▸ **Task goal**: Transcribe the records below word for word, beginning with the first line and stopping after the line that contains "Hello from the"; pictures are not part of the copy.

(Data excerpts)
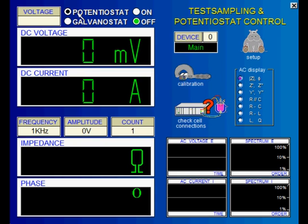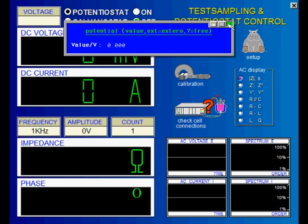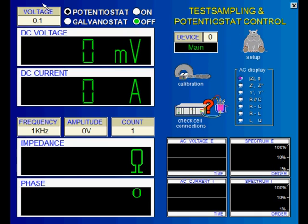Now set the DC value by entering the value in the input box. If you want the rest potential to be set automatically, simply enter a question mark or a blank line instead of the value with potentiostatic mode selected. Please note that if you enter 0V, the potential is always kept at 0V and not at the OCP, which may differ from 0V drastically.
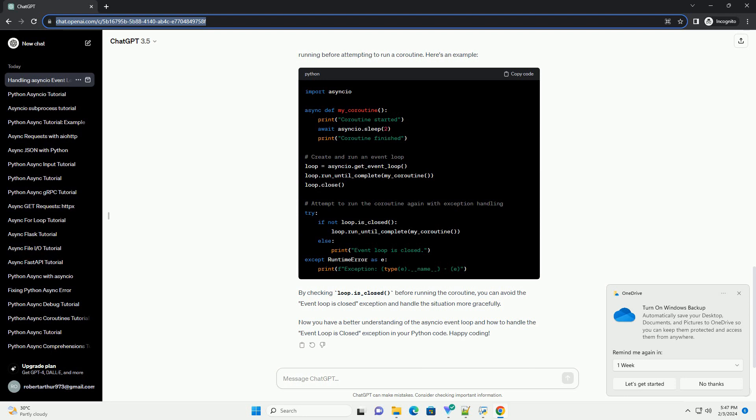In this example, we define a simple coroutine, my_coroutine, that sleeps for 2 seconds. We create an event loop, run the coroutine, and then close the loop.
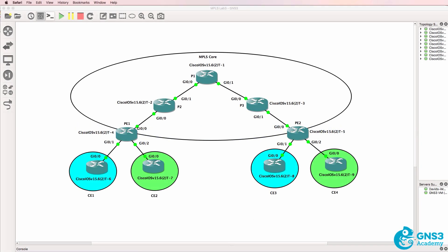Now MPLS, like a lot of technologies, uses its own definitions and terms. In this topology we have a core MPLS network and two customers: the blue customer and the green customer.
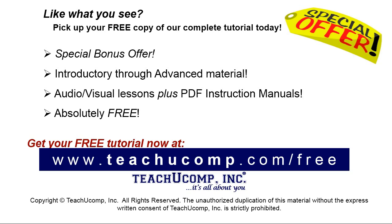Like what you see? Pick up your free copy of the complete tutorial at www.teachyoucomp.com forward slash free.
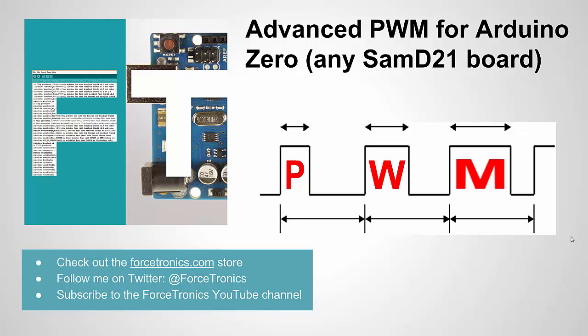Hello from the Forstronix YouTube channel and welcome to Advanced PWM for the Arduino Zero and really any Arduino running the SAM D21 chip, which is the Atmel ARM-based processor. The SAM D21 is found on the Zero.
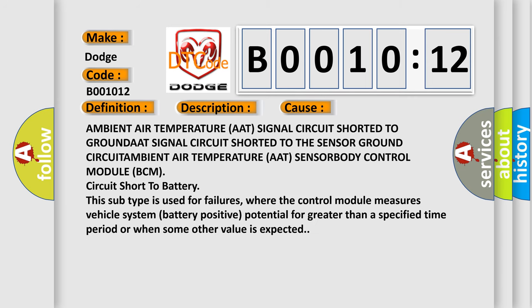Ambient air temperature AAT signal circuit shorted to GROUND, AAT signal circuit shorted to the sensor ground, CIRCUIT AMBIENT Air temperature AAT SENSOR, BODY Control module BCM circuit short to battery. This subtype is used for failures,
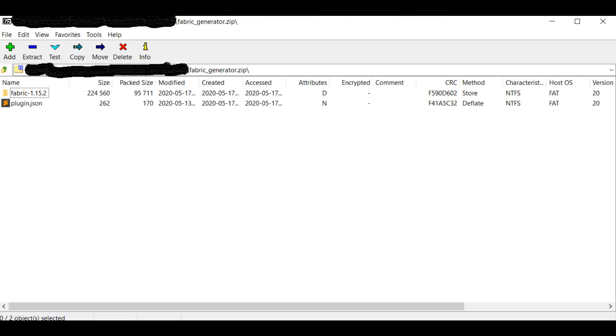Finally, you can zip the plugin.json and your folder and launch mCreator to check if everything is good. To load, the plugin has to have the plugin.json and the folder you created directly inside the zip file. Otherwise, it won't load.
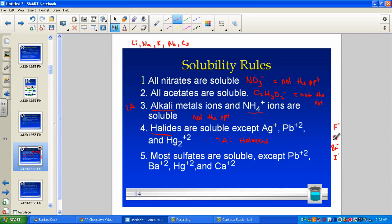Rule five: the polyatomic ion sulfate, SO4 2−, is generally always soluble — except if the first name is lead, barium, mercury, or calcium. Lead, barium, mercury, and calcium sulfates would be insoluble. So if you see sulfate, check it out on the solubility table — it might be your driving force.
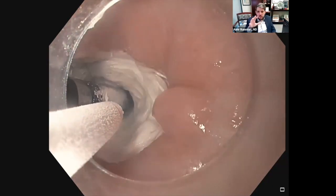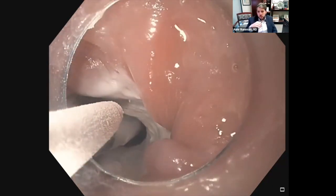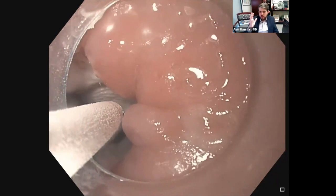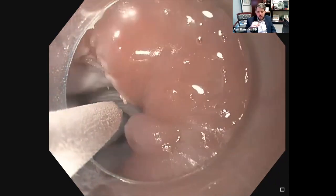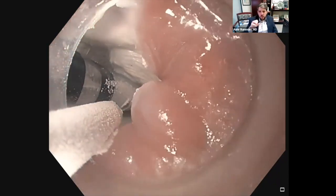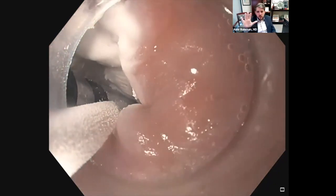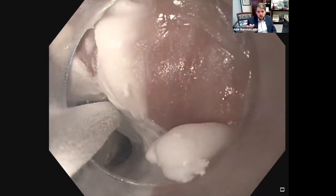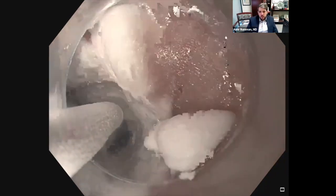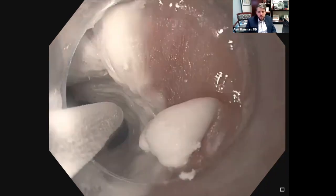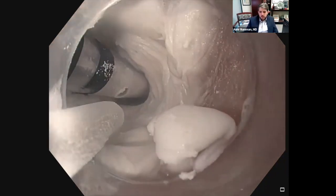Sometimes if you're working too close, you can freeze your lens and that really limits visualization. And we're going around the stricture trying to do a 360-degree freeze.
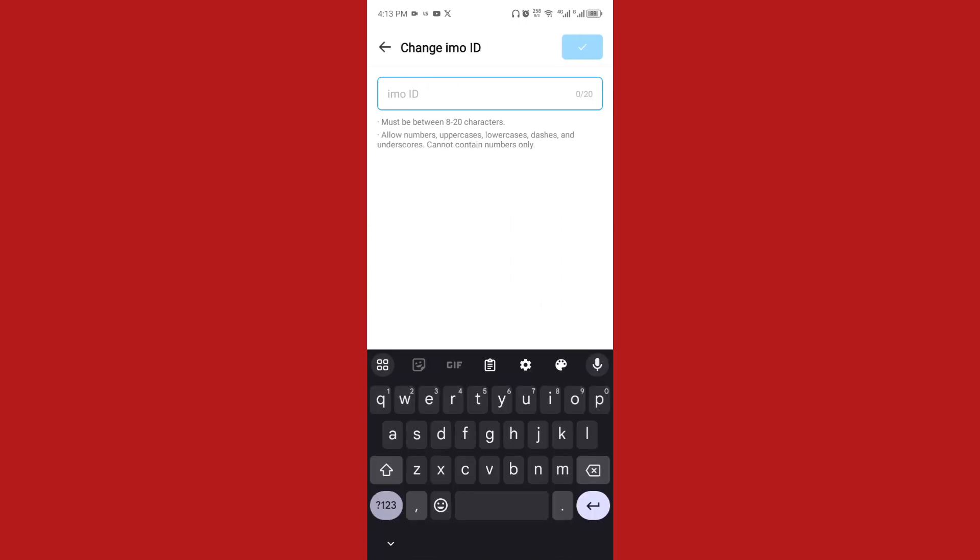Right now there's an indication that it must be from 8 to 20 characters. Let's use something like...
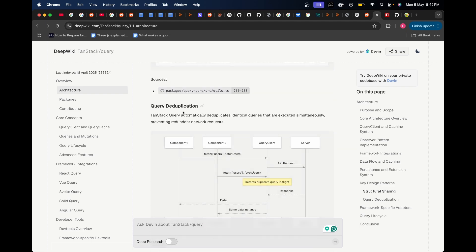For example, let's say in this architecture part over here, if I scroll down I go to query deduplication. TanStack Query automatically deduplicates identical queries that are executed simultaneously, preventing redundant network requests. What I would think this means is if you have two GET requests which are similar and you don't need to make two different API calls, TanStack Query is automatically going to handle this for you and make sure only one network call is sent out.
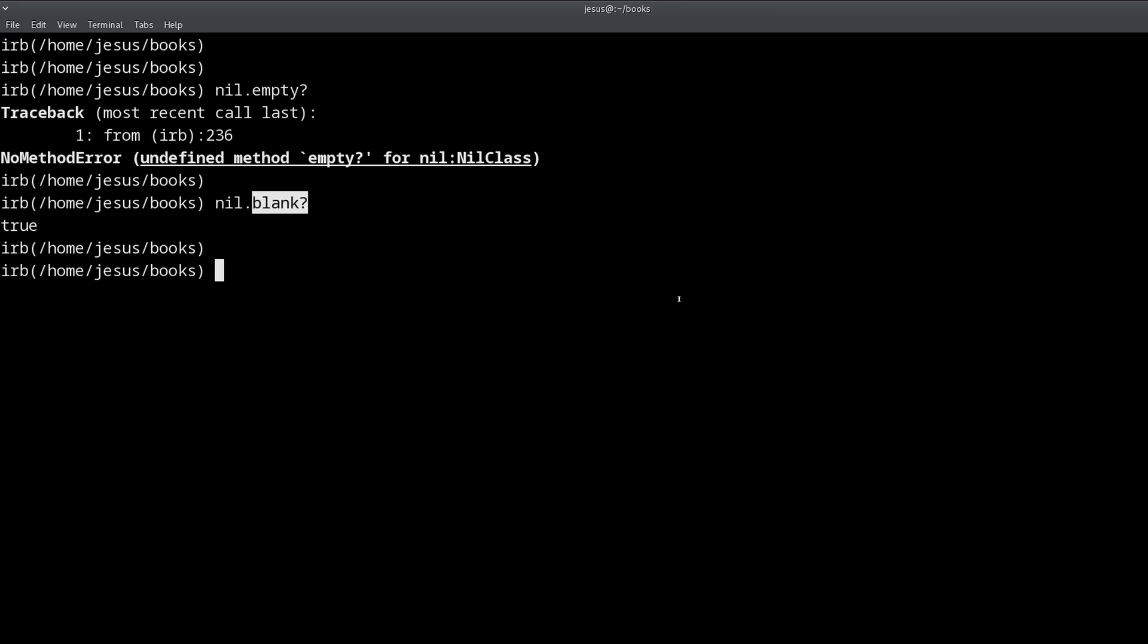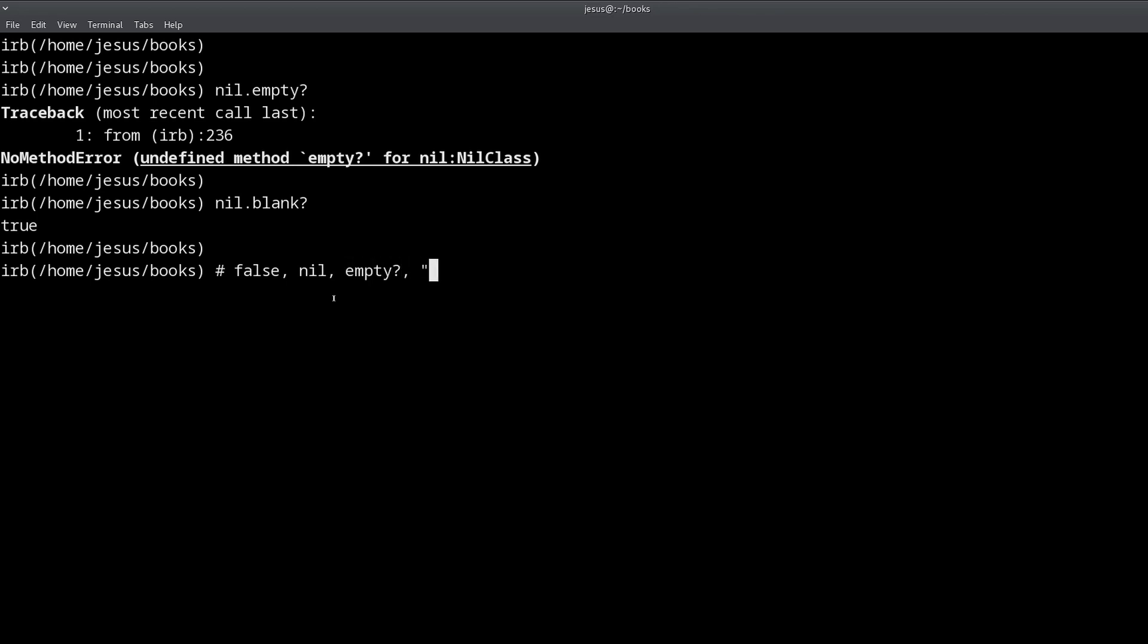So to recap, what you learned in this video is about the blank question mark method and the present question mark method. They are opposite of each other and blank has specific definition, which is false, nil, empty, or a string with white space. That's the definition for blank. And present is just the opposite of blank.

▸ **Solution to the exercise**:
Now set the DC value by entering the value in the input box. If you want the rest potential to be set automatically, simply enter a question mark or a blank line instead of the value with potentiostatic mode selected. Please note that if you enter 0V, the potential is always kept at 0V and not at the OCP, which may differ from 0V drastically.
In this example, we define a simple coroutine, my_coroutine, that sleeps for 2 seconds. We create an event loop, run the coroutine, and then close the loop.
Now MPLS, like a lot of technologies, uses its own definitions and terms. In this topology we have a core MPLS network and two customers: the blue customer and the green customer.
Like what you see? Pick up your free copy of the complete tutorial at www.teachyoucomp.com forward slash free.
Hello from the Forstronix YouTube channel and welcome to Advanced PWM for the Arduino Zero and really any Arduino running the SAM D21 chip, which is the Atmel ARM-based processor. The SAM D21 is found on the Zero.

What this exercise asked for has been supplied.